从当前出现的与所谓“人道主义的干涉”争论情况看,许多人对于人道主义干涉的理解出现了偏差,似乎被冠以“人道主义”前缀的干涉,就成了合法行为,成了实施干预国的权利。甚至使人产生一种错觉,违反人道主义的行为似乎成为国家实施“普遍性管辖”的国际罪行,各国可以任意地“得而诛之”,而没有也无需规范和程序要遵行。因此笔者强调,人道主义的干涉不能被解释为国家的权利。正如王铁崖教授所言:“历史经验证明,当‘人道主义干涉’被个别国家作为一项针对另一国家加以行使时,它就会被滥用,因为这些国家往往是为了达到自私的目的,‘为了人道’或‘维护人权’只是掩人耳目的幌子。所以,认为国家有‘人道主义干涉’的权利的观点是十分危险的”。
二、缺乏伦理基础:“人道主义干涉”的不合理性
支持“人道主义干涉”具有合理性的观点认为,“人道主义干涉”之所以正当是因为其具有三个要素:在伦理道德上具有可接受性、在实践上具有必要性、在效果上具有无害性 。以下本文将针对从这三个方面加以分析。
首先,“人道主义干涉”在伦理道德上是否具有可接受性问题。在第二次世界大战以前,西方国际法学界的多数学者对人道主义干涉表示接受。认为它们是正义的,是为了人类的共同利益。此外,他们还援引十九世纪西方基督教国家对奥斯曼帝国的一系列干涉先例作为证据, 这些学者所引用的先例主要包括1827年土耳其与希腊进行战争时,英、法、俄三国为制止土耳其对基督徒的迫害而出兵进行的干涉,1841年至1861年间欧洲神圣同盟以保护信仰基督教的少数者为由对叙利亚的干涉,以及1877-1878年俄国在奥地利、普鲁士、法国和意大利认可下,出于宗教上同情和人道的原因对巴尔干半岛的干涉。
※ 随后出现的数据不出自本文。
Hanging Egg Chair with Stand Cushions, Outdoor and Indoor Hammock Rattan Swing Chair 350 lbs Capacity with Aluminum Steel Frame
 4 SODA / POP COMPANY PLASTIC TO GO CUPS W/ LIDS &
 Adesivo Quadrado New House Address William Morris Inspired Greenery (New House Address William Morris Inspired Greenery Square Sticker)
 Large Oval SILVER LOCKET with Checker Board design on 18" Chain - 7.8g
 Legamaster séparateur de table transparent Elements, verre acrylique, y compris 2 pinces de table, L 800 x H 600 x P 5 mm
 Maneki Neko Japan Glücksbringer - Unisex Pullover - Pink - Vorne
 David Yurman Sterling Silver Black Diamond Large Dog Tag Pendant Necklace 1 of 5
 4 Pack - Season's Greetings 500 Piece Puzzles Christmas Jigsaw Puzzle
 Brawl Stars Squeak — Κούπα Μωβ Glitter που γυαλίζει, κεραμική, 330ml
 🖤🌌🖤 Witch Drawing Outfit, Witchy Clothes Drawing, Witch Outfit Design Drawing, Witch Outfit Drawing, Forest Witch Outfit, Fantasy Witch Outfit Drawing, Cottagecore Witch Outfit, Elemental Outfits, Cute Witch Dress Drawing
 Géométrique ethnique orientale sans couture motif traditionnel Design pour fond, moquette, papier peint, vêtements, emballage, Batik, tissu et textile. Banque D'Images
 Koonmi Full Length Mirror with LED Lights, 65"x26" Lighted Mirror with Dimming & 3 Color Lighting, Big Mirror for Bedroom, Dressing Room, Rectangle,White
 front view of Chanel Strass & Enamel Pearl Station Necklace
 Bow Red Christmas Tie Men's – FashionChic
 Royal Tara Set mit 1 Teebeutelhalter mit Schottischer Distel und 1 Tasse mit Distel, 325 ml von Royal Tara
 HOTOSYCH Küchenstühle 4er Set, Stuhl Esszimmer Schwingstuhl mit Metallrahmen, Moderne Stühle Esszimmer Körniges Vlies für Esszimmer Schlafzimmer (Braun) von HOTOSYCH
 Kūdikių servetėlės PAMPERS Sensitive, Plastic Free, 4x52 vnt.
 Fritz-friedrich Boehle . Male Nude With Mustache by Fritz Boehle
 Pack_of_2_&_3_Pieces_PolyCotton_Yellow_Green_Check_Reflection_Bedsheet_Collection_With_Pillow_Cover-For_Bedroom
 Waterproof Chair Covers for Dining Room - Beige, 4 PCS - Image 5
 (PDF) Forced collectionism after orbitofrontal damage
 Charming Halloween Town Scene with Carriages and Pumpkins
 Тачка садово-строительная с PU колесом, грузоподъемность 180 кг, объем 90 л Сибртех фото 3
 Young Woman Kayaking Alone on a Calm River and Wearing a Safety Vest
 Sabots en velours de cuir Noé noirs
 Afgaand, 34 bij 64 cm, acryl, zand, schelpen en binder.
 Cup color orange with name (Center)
[1]
然而,如果对于那些被援引来支持人道主义干涉的先例加以仔细考证,真正出于人道主义动机或真正以人道主义作为理由的干涉几乎一个都没有。[2]以上述1827年对土耳其的干涉为例,表面上英、法、俄三国出兵是为了保护希腊的少数基督教徒不受土耳其的残酷虐待和压迫及保护希腊人自决的权利不受侵犯,但是这起干涉的真正动机,正如1827年三个干涉国在伦敦签订的《希腊和平条约》所示,是由于三个干涉国实际上担心,如不停止希土间的流血争斗,不仅欧洲列强的贸易将会天天受到阻碍,而且还会导致海盗的发生。[3]而对叙利亚的所谓人道主义干涉只是干涉国以保护当地信仰基督教的少数者作为幌子,实则是为了争夺该地区的势力范围。至于俄国对巴尔干半岛的干涉,则是以所谓解救当地人民使之免受土耳其统治者的压迫为名,而行实现俄国一个世纪以来独占黑海海峡的梦想之实。[4] 有鉴于此,一位西方的国际法学者曾经一针见血地指出,几乎所有发生在十九世纪的所谓人道主义干涉,其根本动机都是出自干涉国自身的政治利益的考虑,而与真正的人道主义无关。[5] 即便是到了二战以后,标榜“人道主义干涉”的西方国家也并没有遵行他们的标准。以北约对南联盟轰炸事件为例,即使以它们所宣扬的“人道主义”标准来衡量也是根本解释不通的:首先,北约发动战争的理由是科索沃发生人道主义灾难,但大量的难民潮恰恰是出现在北约发动空袭之后;第二,西方国家并未真正进行外交努力,所谓的谈判,正如基辛格所指出的那样实质上是下最后通牒;第三,北约的战争行动已对南联盟造成了毁灭性的灾难,包括巨大的平民伤亡和民用设施的损失。面对这些无法解释的难题,那些“人道主义”论者都不得不出来说话了,哈佛大学神学教授赫尔就是从“人道主义”传统出发对这场战争提出了批评,认为北约的狂轰滥炸使平民的生命危险超出可接受的范围,而“区域轰炸”更不符合任何战争道德标准 。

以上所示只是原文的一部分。